Stakeholders expected an increase in customer bills from Dominion, the largest energy provider in the state, as it complies with the sweeping legislation enacted this year. However, the projected increase was steeper than anticipated, and staff commented repeatedly that the utility did not include a least-cost plan that would remain compliant with the VCEA.
In one of six staff testimonies, Gregory Abbott, deputy director of the SCC, identified three high cost components across all four of Dominion's scenarios: a second offshore wind buildout, a pumped storage unit, and continued operation of an "uneconomic" coal-biofuel hybrid plant through 2045.
"Given that the VCEA is a major re-set of energy policy in Virginia," staff attempted modeling plans with and without those more expensive components, Abbott said in his testimony, to create "a more robust record" for the SCC on the various combinations allowed to meet the requirements of the bill.

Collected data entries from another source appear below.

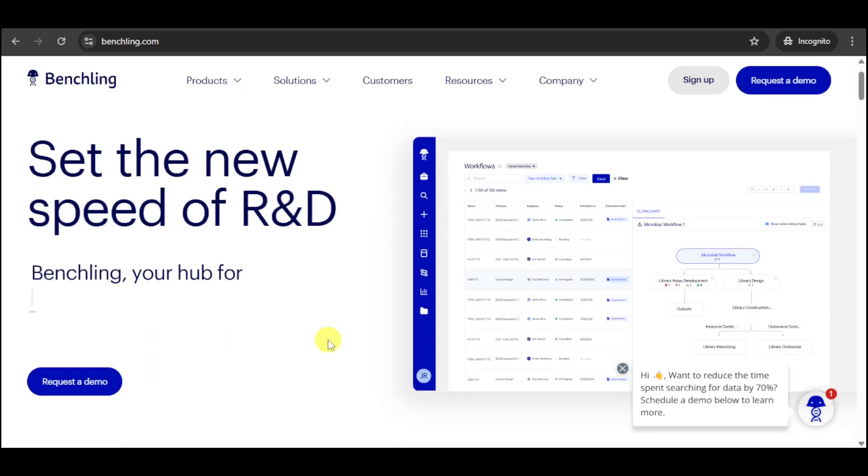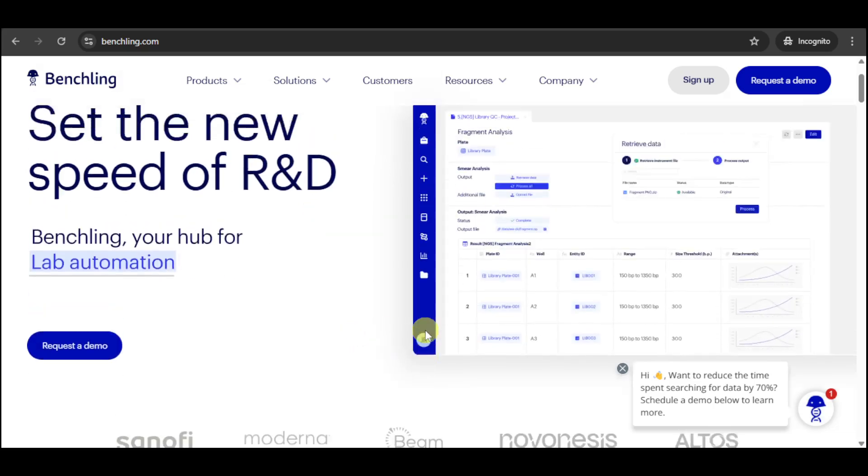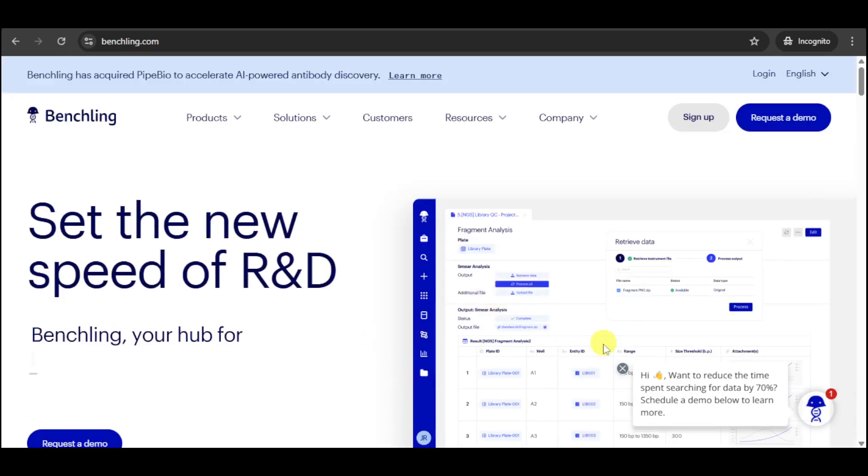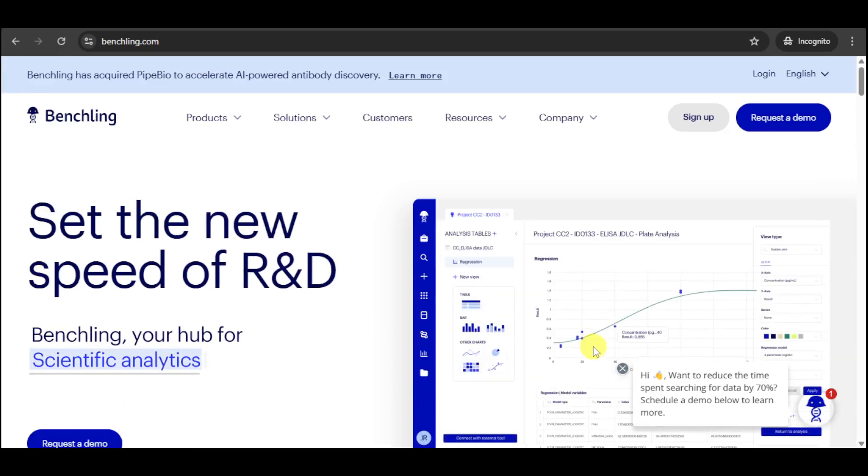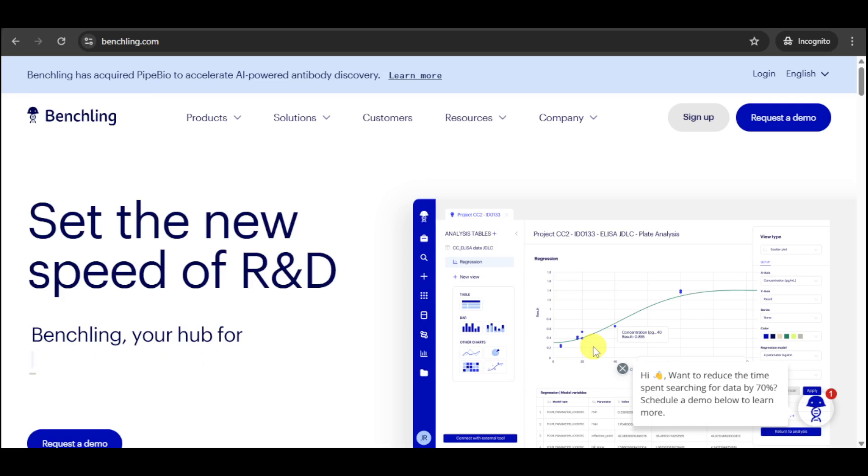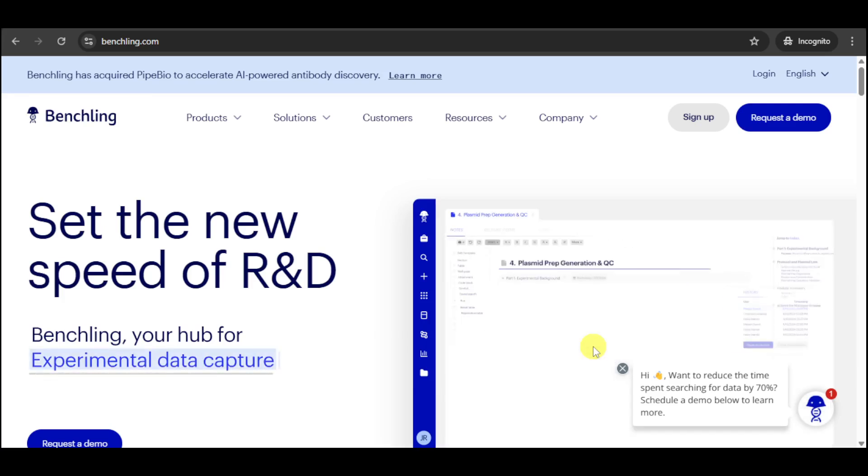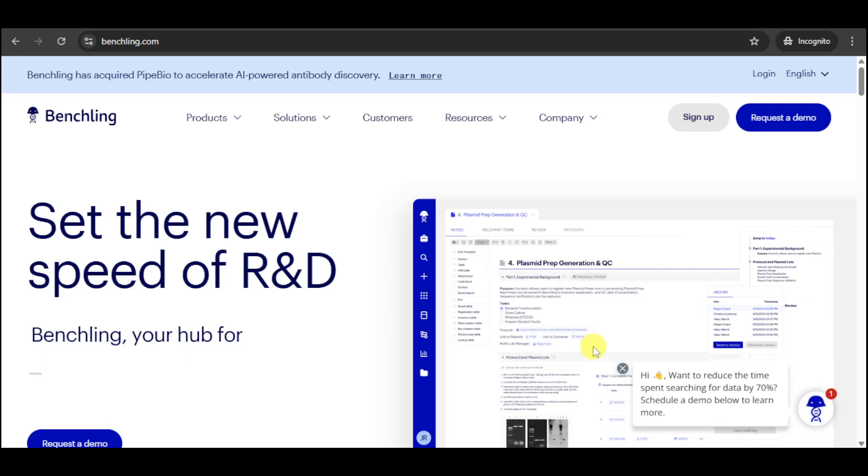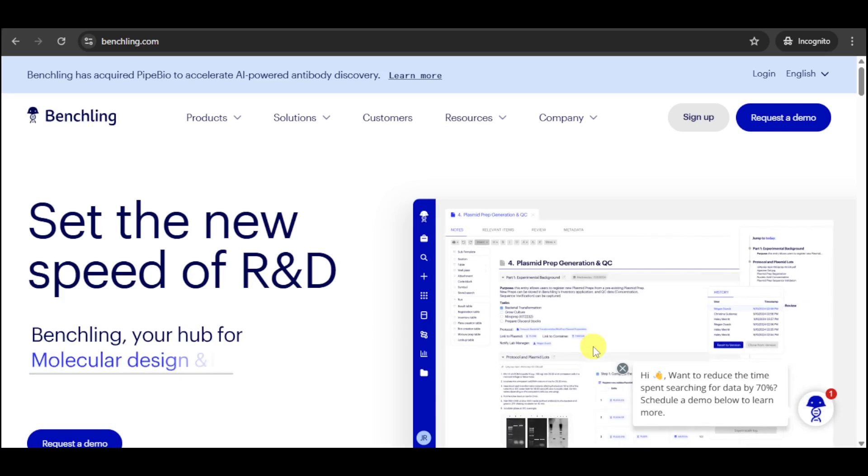Imagine seamlessly managing your experiments, tracking your samples, analyzing your data, and collaborating with your colleagues all in one place. With BenchLink, you can streamline your workflows, reduce errors, and accelerate the pace of discovery.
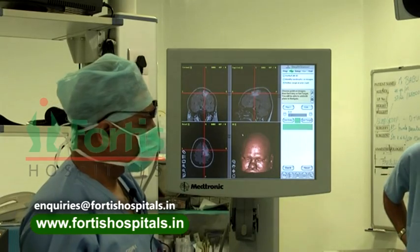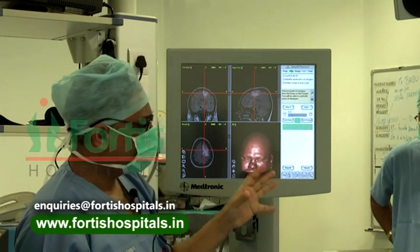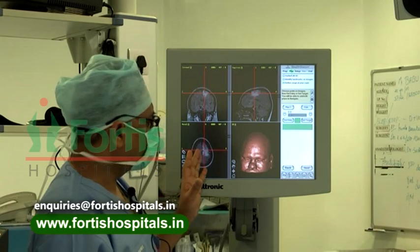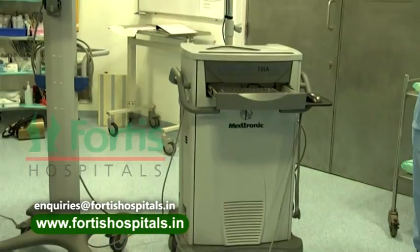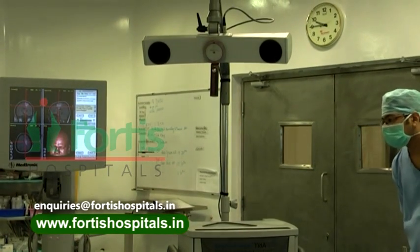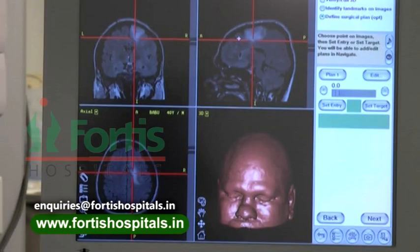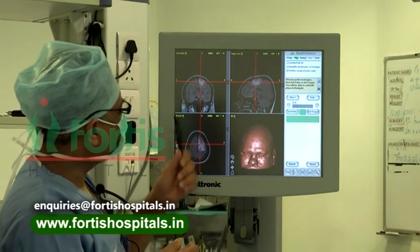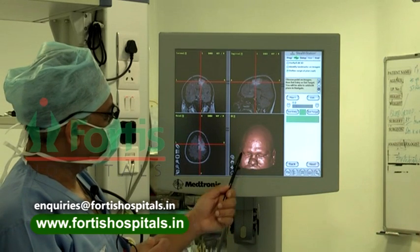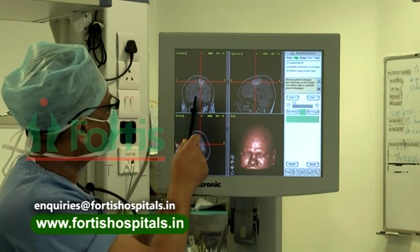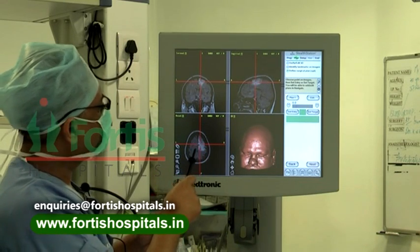This is the intraoperative monitoring station. For navigation we are using the Medtronic Stealth Station. This is the monitor, this is the computer, and this is the camera with infrared light through which tracking is performed. The patient's MRI or CT scan is done with specialized sequences and fed directly to this computer. We then get a reconstruction of the image we want — a total reconstruction of the patient's face, which is essential. We get coronal, axial, and sagittal views.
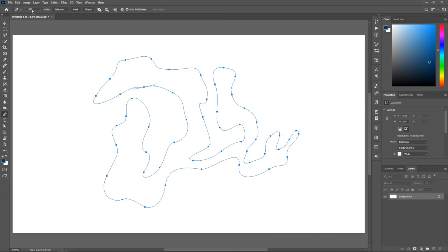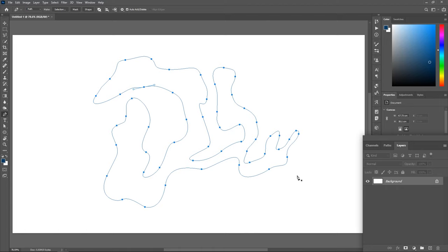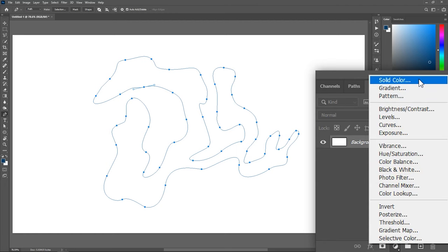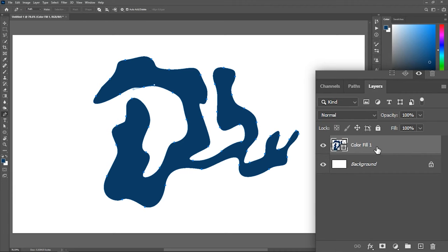Calm down, there is an easy way to fix this. After creating the path, go to the layers panel, click the button to add an adjustment layer, and then choose solid color. Choose any color and hit OK. Now the path is automatically converted into a shape.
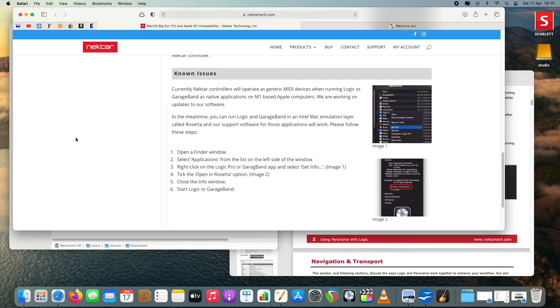There is a previous Intel version of Reaper I haven't tried yet, which may work. When I tried it with Logic I had exactly the same results. The process for Logic is slightly different to Reaper, but fundamentally you upgrade the firmware, run the compatibility file, and that's supposed to sort everything out. Again it didn't work — Logic doesn't recognize anything to do with the Panorama.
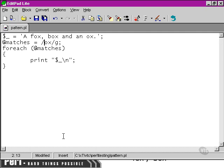Within the brackets of a character set — those two square brackets — the dot loses its special significance. So if we put a dot inside those square brackets, Perl would count that as one of the characters that we're going to include within the set.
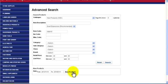Thank you for viewing our tutorial on how to search for products efficiently. Be sure to view the other ECAT 2.0 tutorials available on this site.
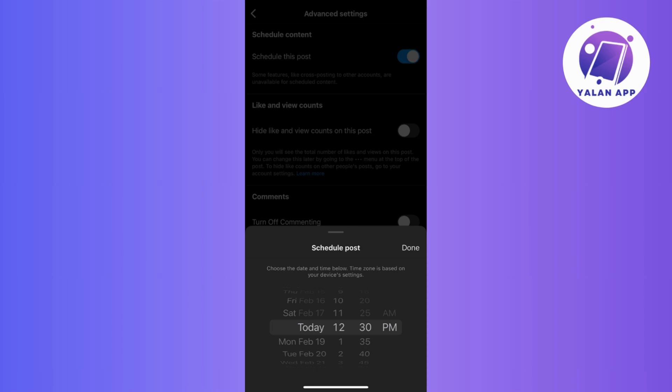Instagram provides a convenient way to schedule your content according to your preference. Now once you've set the date and time, just click on done to confirm your scheduling preference. Your post is now scheduled to be automatically published at the specified time.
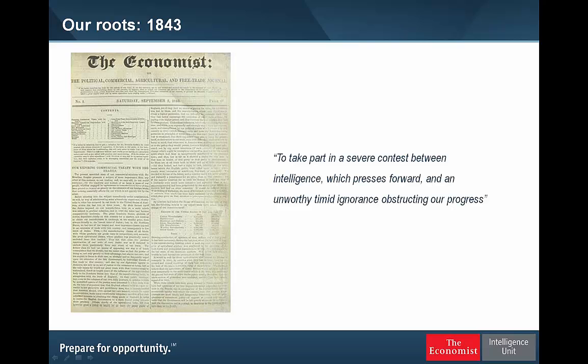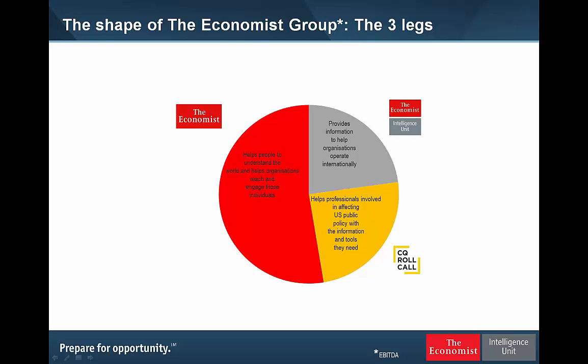The Economist Group has three main components: the newspaper and associated businesses, including Economist conferences; CQ Roll Call, a Washington DC-based business analyzing Capitol Hill activity with associated data sets on legislative voting and bill progress; and the Economist Intelligence Unit, which I manage — the business-to-business arm of the Economist Group. We help organizations think about the world. Our clients include commercial enterprises, a significant academic community following, and multilateral and not-for-profit organizations.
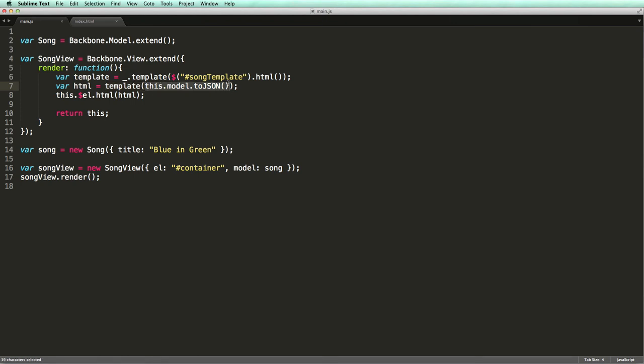Note that Underscore doesn't know about Backbone models and expects a JSON when evaluating a template. That's the reason we need to convert our model into a JSON object. Underscore's template function then returns an HTML markup which we pass to the HTML function of jQuery here.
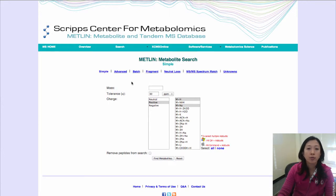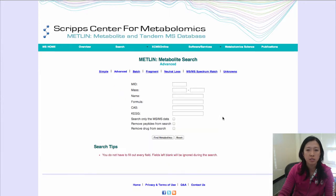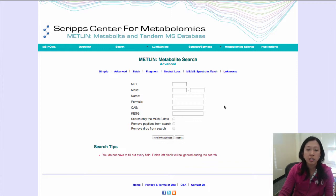Or if you would like to search for a known compound, you can simply go to Advanced Search. Over here, you can type in any information you have, and you don't have to fill in everything. Please keep in mind that each chemical has many scientific names, so if you type in a name and you didn't get any hit, please don't give up. You can either use the formula or CAS number instead.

Dominion did not comment in time for publication.
In Dominion's four scenarios presented as A through D, the utility sought to add between 6.7 GW and 18.8 GW of solar, up to 2.7 GW of storage and up to 5.1 GW of offshore wind in the next 15 years.
The plans ranged from around $44 billion (Plan A) to $84.3 billion (Plan D), according to testimony from David Dalton, senior utilities analyst with the commission.
All four plans overbuild in order to meet peak load requirements, meet energy requirements, and satisfy annual Renewable Portfolio Standards, according to Abbott.
When SCC staff received criticism last spring for the cost estimates of implementing the VCEA, a spokesperson told Utility Dive that fuel savings and energy consumption reductions could not be quantified by the commission without a specific program being proposed.
Dominion is transitioning its generation fleet to 100% clean energy by 2045 in the state. However, all its scenarios include a mix of new natural gas resources and potentially keeping more gas-fired generation on the system to address system reliability.
Staff criticized that decision, as Abbott noted that continuing to run the hybrid coal plant would cost Dominion customers an additional $472 million, or more, than the combined savings "from all other retiring units." Staff also attempted to run models with and without the gas combustion turbines, he said.
The VCEA has set Dominion on a new course, leading to the utility canceling the Atlantic Coast Pipeline (ACP) earlier this summer. The project, which was jointly being developed with Duke Energy, "was conceived to support gas demand primarily coming from Dominion’s regulated utility subsidiaries," Christi Tezak, ClearView Energy Partners managing director of research, said in an email.
However, Virginia passed the VCEA and a law adding additional "prudency hurdles" before state regulators would approve long-term contracts, she said.
"What really unwound ACP, in our view, was the potential that the key foundational demand for the project was eroding through actions taken by state policymakers," Tezak said.